Lane Kiffin Self-Destructed at USC

Old Trojans don't die, they just move to Newport Beach. Wealthy alums here venerate a winning USC football tradition. Houses hang USC banners and flags, Cardinal and gold colors are everywhere. I am grudgingly tolerated as a Cal-Berkeley alum. A whole lifestyle revolves around SC football in Southern California.

The alums here were furious at the performance of the team this year and the direction they felt the program. Alums here make major gifts to the Athletic Department, and the disgust felt with Lane Kiffin made it certain that his days as head coach were about to end.

Athletic Director Pat Haden was a major star at quarterback for the football team back in the 1970's. He epitomizes the spirit of Troy. He was successful as a pro player, as an attorney/investor, as a television analyst. He is whip smart and as he watched the team get blown out at Arizona State, a defense that gave up 61 points, it was the final straw. And he pulled the plug mid-season.

USC has always benefited from its location in Southern California when it comes to recruiting. 14 million people live within a couple of hours of the campus and enough football talent plays at the HS level here to stock multiple programs at the highest level. Recruiting had fallen off this year, and as the disasters piled up it was likely that recruits would shy away and pick other schools. Kiffin did not create the restrictions on depth, which came from prior NCAA sanctions. Watching WR Marquise Lee, their best player, participate on special teams showed how thin that depth really was. SC has virtually unmatched tradition, a wonderful campus, state of the art facilities, great weather, and when they can't recruit well it doesn't make sense.

Lane Kiffin appeared to lose the confidence of the players. He could not decide on a starting quarterback all summer. That is a position that requires the most learning and reps possible. He insisted on calling plays and the offense was conservative and unproductive. This is much of the same team that was rated #1 in preseason polls in 2012. SC has had a long tradition of halftime adjustments that allowed them to dominate in the second half. But this year they seemed to play worse as the game went on. This is the school that produced Heisman Quarterbacks Matt Leinart and Carson Palmer, and should have a reservoir of talent at the position waiting their turn to start.

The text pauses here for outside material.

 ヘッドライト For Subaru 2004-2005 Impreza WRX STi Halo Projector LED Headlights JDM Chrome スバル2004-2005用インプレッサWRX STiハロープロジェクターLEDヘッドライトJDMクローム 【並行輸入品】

Kiffin unnecessarily had an often contentious and secretive approach towards the press in Los Angeles. He had a series of incidents that reflected on the integrity of the institution. It is not easy to follow former Coach Pete Carroll, who became an icon in Southern California, but weak people skills will not work.

There is a heavy classic rivalry between USC and UCLA. Trojan fans watched Coach Jim Mora completely turn around a UCLA program, which had years of losing. That program is on the rise, with a Heisman type quarterback and great defense. Although UCLA has had great players and success in the past, Los Angeles was an area dominated by SC football and UCLA basketball.

Massive revenue flows from a winning football team. Not only does the athletic program benefit from alumni largesse, it seems to motivate overall giving to the school. Success on the gridiron affects television and radio rights, marketing and sponsorships, memorabilia sales and the ability to fill the Coliseum with higher priced seats.

Ed Ogeron is the interim replacement but SC needs a charismatic figure who can handle the team, the press, alums, recruiting and everything that goes into a program. A college football coach has more ability to shape a program then any other type of coach. He has to go out and sell to produce his roster. Football, with over a hundred players, is an organizational challenge. He has to recruit young men still in adolescence, and project their developmental curve over four years. These are young men, often not totally mature, in large numbers, they have to be students to stay eligible. The ability to relate to and motivate, one of Pete Carroll's strengths--is critical.

Has the head coaching job at USC lost it's allure and desirability? No. Sanctions will ease over time. The resources available to support the program are stunning. The new coach does not need to compete with Carroll's shadow. And USC along with Alabama, Ohio State, Texas, Notre Dame and others is still a mecca for potential football greatness. Trust athletic director Pat Haden to make a wise choice that restores the SC heritage.